Fergus is also not afraid of swearing. He has an outside voice as his inside voice, and normally, he could swear up a blue streak. Yesterday, however, he was talking to someone on the phone about one of the jailers. (Who he described, not by name, but as ‘you know, that BIG girl.) He starts talking about how she has a potty mouth, and how he couldn’t believe what she was saying. Blank blank this and blank that. And the most shocking part of it was that he wasn’t saying the words. I don’t know who he was talking to that he didn’t want to cuss in front of, but we were all shocked that he was so offended. 

As part of my job, I do the layout for those plaques that you see with newspaper stories on them. (Don’t buy one, they’re a waste of money. Just frame the article.) I am supposed to send them to Grandboss’s secretary to be proofed at the same time I send them to Advertising Boss’s secretary to be ordered. GB’s secretary approved it, and AB’s secretary was supposed to order it. This was about two weeks ago. I go on with my life. Wednesday, I get a call that why hasn’t that been ordered yet, haven’t I done it? I said yes, it was submitted two weeks ago to AB’s secretary. Not ten seconds later, she was getting paged over the intercom. She didn’t like the look of it, apparently, and felt that there were changes that needed to be made. She didn’t tell me what changes, but I guess I was just supposed to know.

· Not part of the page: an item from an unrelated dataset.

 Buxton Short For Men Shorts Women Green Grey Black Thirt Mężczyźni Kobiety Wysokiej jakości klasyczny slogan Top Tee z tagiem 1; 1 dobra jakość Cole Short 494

Grandboss wanted to order one of the plaques about a nascar race. He told me to get started on the layout, and he would get with his secretary about what size. I can’t do the layout unless I know the size. It took me a couple of hours to get a hold of her. She told me to do whatever I wanted.
Yesterday afternoon, Farquad starts in how he doesn’t feel well. I didn’t respond, because I didn’t want to hear about how he hadn’t eaten, or did a ‘really hard’ workout, or whatever. This morning, though, he runs to the bathroom and begins throwing up in the bathroom. Which we can hear. From our desks. Thirty feet away.

Jane asks Fergus a yes or no question. She is trying to get an answer and go back to work. He stands up from his desk and comes over and stands RIGHT behind me. (She and I sit across from each other.) He was in my bubble, which I did not appreciate, smelling like smoke, which I really didn’t appreciate, and taking way too long to come up with an answer. 

I previously wrote this on the Friday August 10 open thread on Ask a Manager.

2 comments:

  1. When you don't have to work with them directly, people like Fergus can be bizarrely fascinating. Their complete confidence and lack of self-awareness are so far away from most people's experiences that (to quote Alison Green) it can feel like you're an anthropologist studying an envoy from another planet.

    Anyway, thank you for publishing these! Your blog's like a real-life spin-off of Parks and Recreation or The Office. :)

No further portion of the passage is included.